Liaoning officials vowed to adjust the system to make the public account sustainable and repay the private account. They followed up by expanding pension coverage to generate higher contributions between 2006 and 2011 to supplement central government transfers.
But it was not enough to relieve headaches linked to Liaoning’s modern history and demographics.
In the 1950s and early 1960s, women were encouraged to bear as many children as possible. As a result some 1 million people retired in Liaoning between 2006 and 2011. But the working-age labor pool increased much less during that time.
Liaoning’s pension system is also designed to support people who retired before 1997 but never contributed to the pension system, as well as those who retired in the late 1990s after contributing relatively little.
Local governments such as those in Tiexi and Fushun were ordered to cover the pensions for people laid off during the state-owned company shutdowns in the late 1990s.
Companies affiliated with Fushun’s state-owned coal bureau, for example, burdened the city with what grew by 2011 to about 1 billion yuan in pension obligations for 360,000 ex-workers.
Experts expect these historical costs to saddle the province’s government budgets until around 2040. If not for these former state workers, though, officials say Liaoning’s social pool would have had a 55 billion yuan surplus in 2010.

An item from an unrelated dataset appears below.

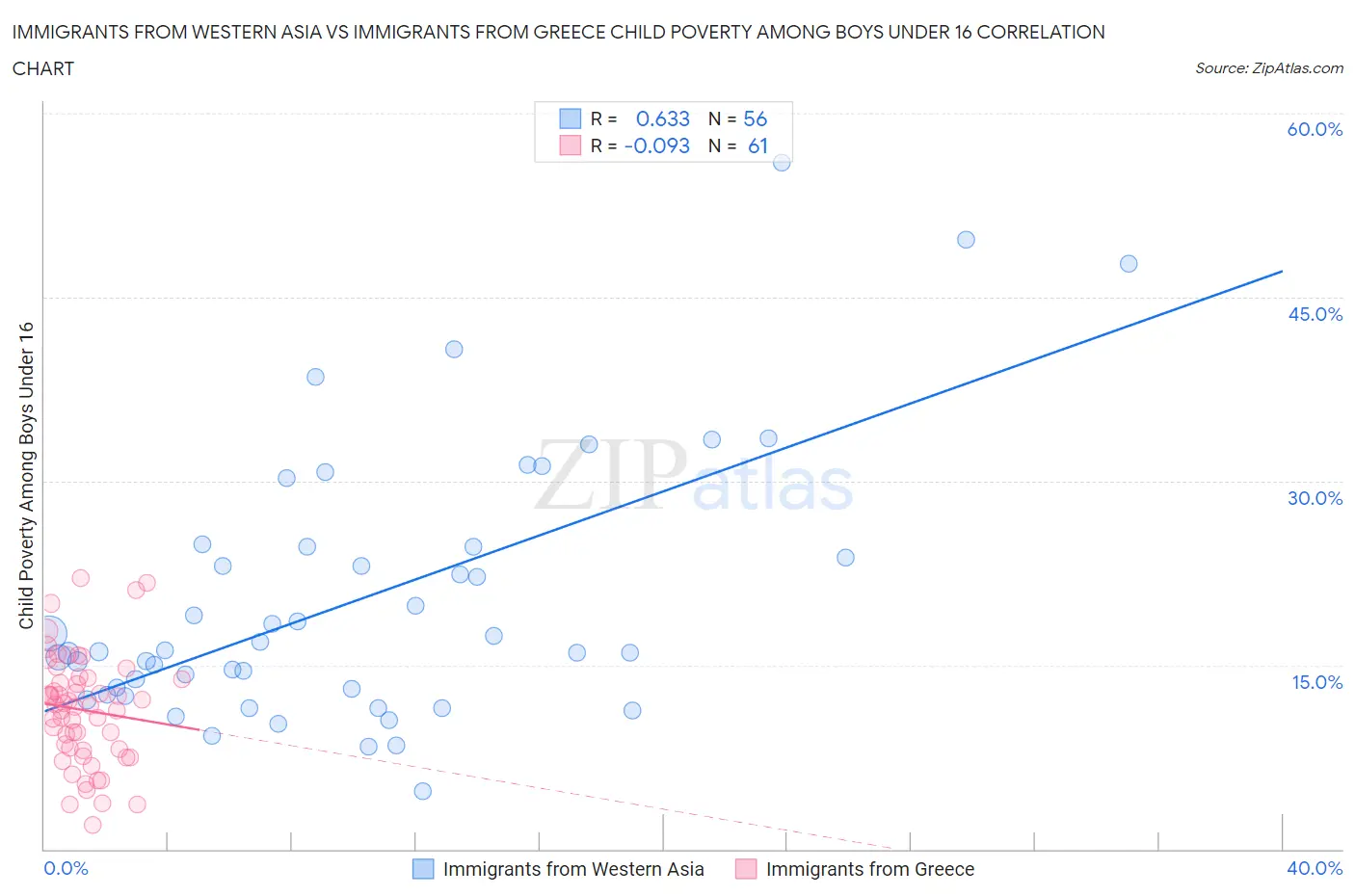 Immigrants from Western Asia vs Immigrants from Greece Child Poverty Among Boys Under 16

Meanwhile, employees and employers who pay into the system have complained about the high costs they bear. Many companies say they’re already squeezed by rising labor costs.
A 2011 survey conducted by the Shenyang government found 41 percent of local residents think they can’t afford pension payments. And many of the estimated 300,000 people in Shenyang who stopped contributing to private accounts in 2011 were college graduates who chose to delay payments until they feel they can better afford it.
The pension rules say a worker who contributes for fifteen years continuously can receive benefits at retirement.
Wang the electrician says he finds the payments impossibly high. He earns about 500 yuan a month by taking on temporary jobs and fishing in trash cans for empty plastic bottles. The local pension plan’s minimum, out-of-pocket payment for a man like Wang is 457 yuan a year.